Issue:         TRACE-CLOS

References:    trace macro pp. 440-441

Category:      MODIFICATION

Edit history:  Version 1, 21-Oct-87 Kempf

Problem description:

With the addition of the Common Lisp Object System, there is no
command language level way to trace individual method execution.
The TRACE macro, as currently specified in Common Lisp, allows
only tracing of globally defined functions through their names.
Since a generic function name may have several executable methods,
users need some way to specify that they would like invocation of particular
methods to be traced, rather than invocation of the entire generic
function.

In addition, the current specification of TRACE does not allow tracing
of functions associated with SETF "methods", of macro functions, 
nor of lexically defined functions or functions invoked via. their
function definition objects.  While this proposal does not attempt 
to address the latter problems, since identification and/or tracing of these
is likely to be implementation dependent, it does leave 
open the option for those implementations which can arrange it. Finally, 
some implementations of Common Lisp have extended TRACE to take an option 
which puts the system into a break loop after the trace information has been
printed. This proposal adds that capability to the standard.

Proposal (TRACE-CLOS::TRACE-FUNCTION-SPECIFICATION)

(Font Note: UPPERCASE indicates bold, _this_ indicates italic)

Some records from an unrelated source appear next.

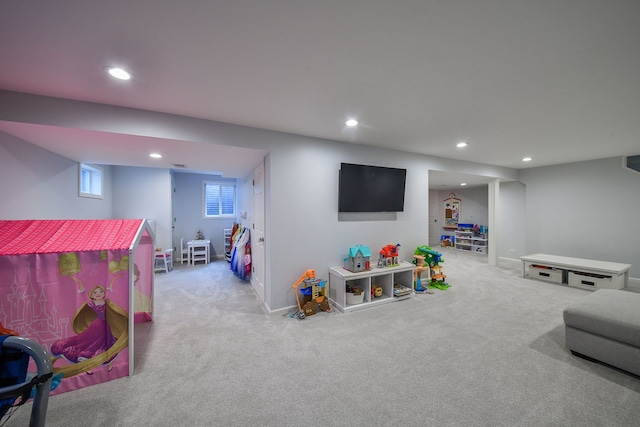 1007 Canonero Dr, Naperville, IL 60540 - playroom featuring baseboards, carpet, and recessed lighting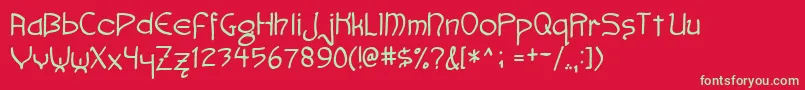 Faemoot4s Font – Green Fonts on Red Background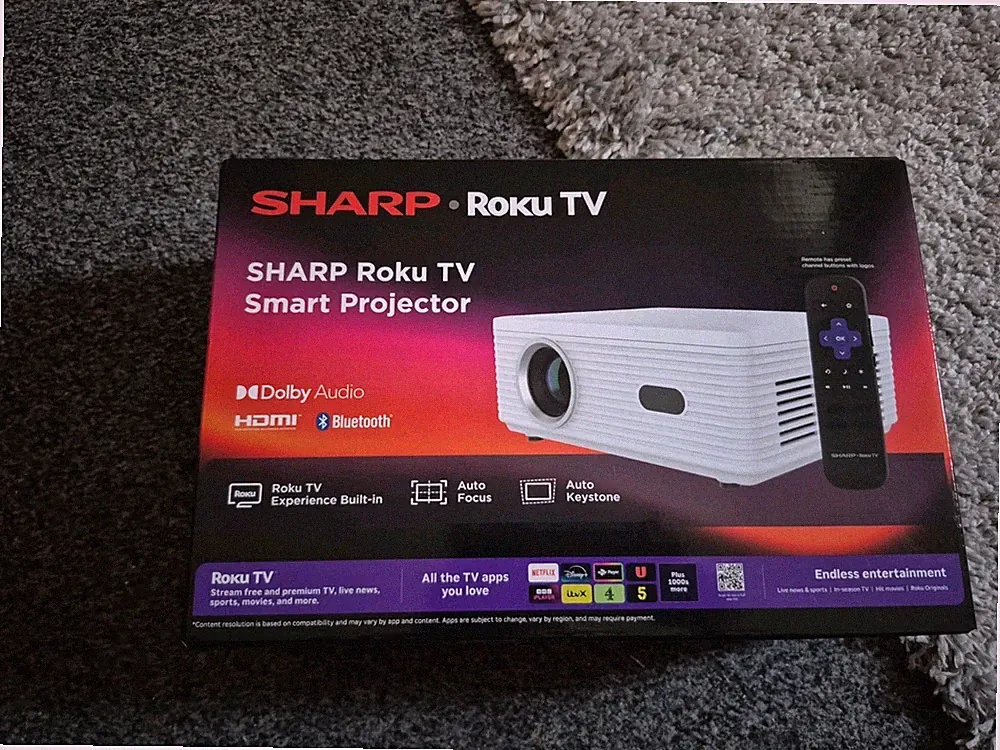 Sharp Roku TV Smart Projektor Full HD 1080p Autofokus Auto Keystone Neu Versiegelt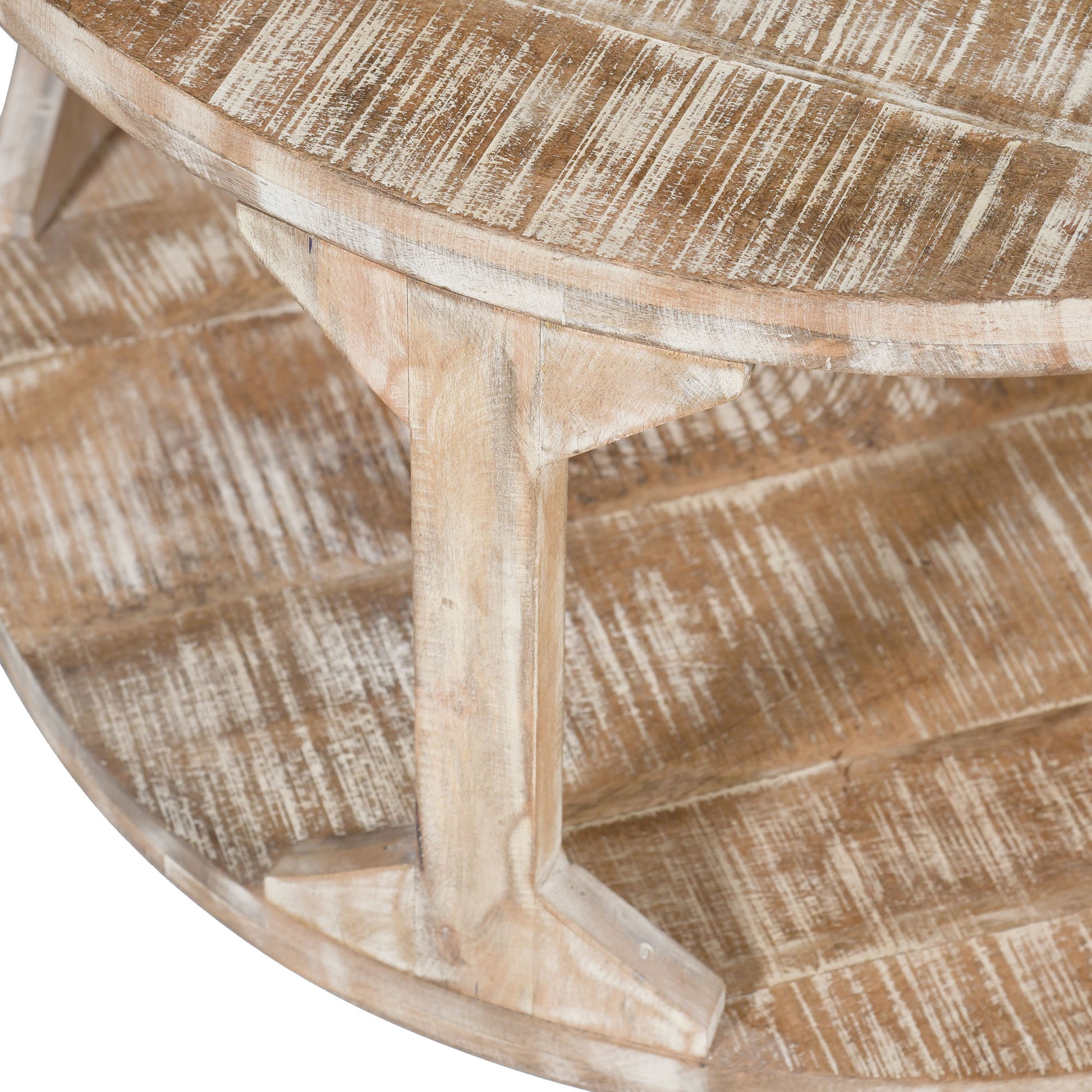 Avni Coffee Table - Distressed Natural Solid Mango Wood-Coffee Table-DECOROLALA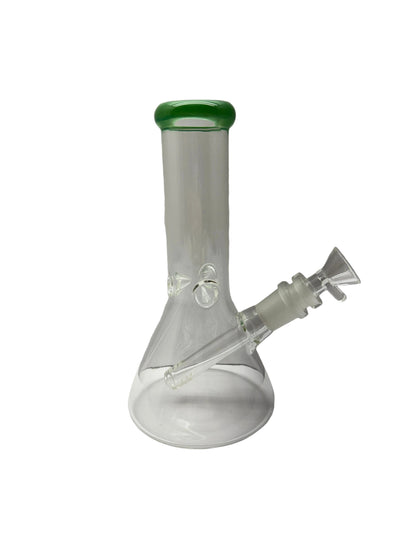 Glass Clear Beaker Base Water Pipe With Ice Catcher & Downstem - 268 Grams - 8 Inches
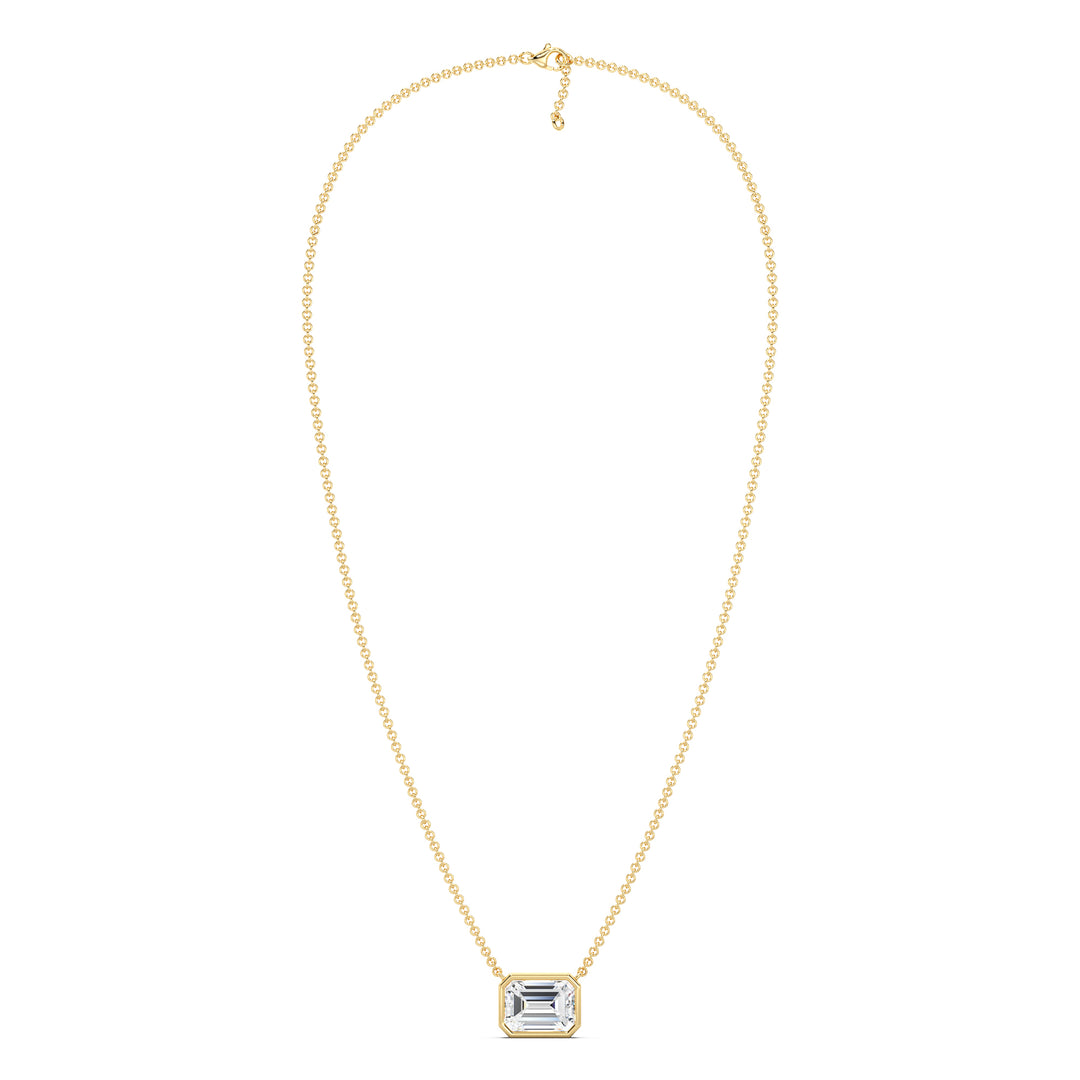 2 Carat Lab-Grown Emerald-Cut Diamond Bezel-Set Solitaire Pendant Necklace in 18K Yellow Gold, showcasing a sparkling E/VS emerald-cut diamond in a sleek bezel setting with a classic yellow gold chain.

TRACE _function-spec_ &KEY (:BREAK NIL) _[Macro]_

TRACE

UNTRACE _function-spec_	_[Macro]_

UNTRACE

Invoking TRACE with a function specification causes the function specified
to be traced. Henceforth, whenever the specified function is invoked,
information about the call, the arguments passed, and the returned
values, if any, will be printed to the stream that is the value of
*TRACE-OUTPUT*. If the keyword argument :BREAK is T, then the BREAK
function will be called after the trace information is printed. 
UNTRACE undoes any tracing. Calling TRACE without any arguments
prints a list of currently traced executable entities, calling
UNTRACE without any arguments causes tracing to be undone for
all currently traced entities.

A _function_spec_ is either a symbol naming a function (i.e. a
symbol whose global function cell is bound to a function definition
object, or to which the application of MACRO-FUNCTION will return
a function definition object) or a list whose first element indicates
what kind of funcallable object is to be traced and whose tail indicates
which particular function should be traced. The complete set of
function specifications will necessarily be implementation dependent; however,
every implementation is required to support the following:

	_symbol_-Invocations of the function or macrofunction named by
	         _symbol_ via. _symbol_ as a global name are traced.

	(METHOD _generic-function-name-specification_
                _{method-qualifiers}_* 
	        _parameter-specializer-name-list_
        )
	If the method whose parameter specializer list, generic function
	name specification, and method qualifiers are listed is tracable,
	then invocations through the generic function name specification 
	will be traced.

	(SETF _symbol_)-If the SETF function having the name specification
	is tracable, it will be traced (see proposal SETF-CLOS for
	more information on SETF name specifications).

Implementations are encouraged to provide for tracing of as many
funcallable objects as possible.

Rationale:

Adoption of the Common Lisp Object System will require the availability
of debugging information on individual methods. 

Current practice:

Some Common Lisp implementations have extended TRACE syntax to
allow specification of breaks. Currently, the TRACE macro is
specified to take any number of symbols.

Adoption Cost:

The syntax of the TRACE macro will take only one function specification
in order to accomodate the :BREAK key. But, since TRACE tends to
be used interactively at the command langauge level, the impact
on existing code should be slight.

Cost of non-adoption:

Without this, implementation dependent ways of specifying the
:BREAK option would continue to be used. In addition, most
implementors would probably add their own syntax for allowing
programmers to obtain information on individual method invocation.

Benefits:

Allow programmers to obtain information on individual method
invocations.

Conversion Cost:

Minor re-write of the TRACE and UNTRACE macros.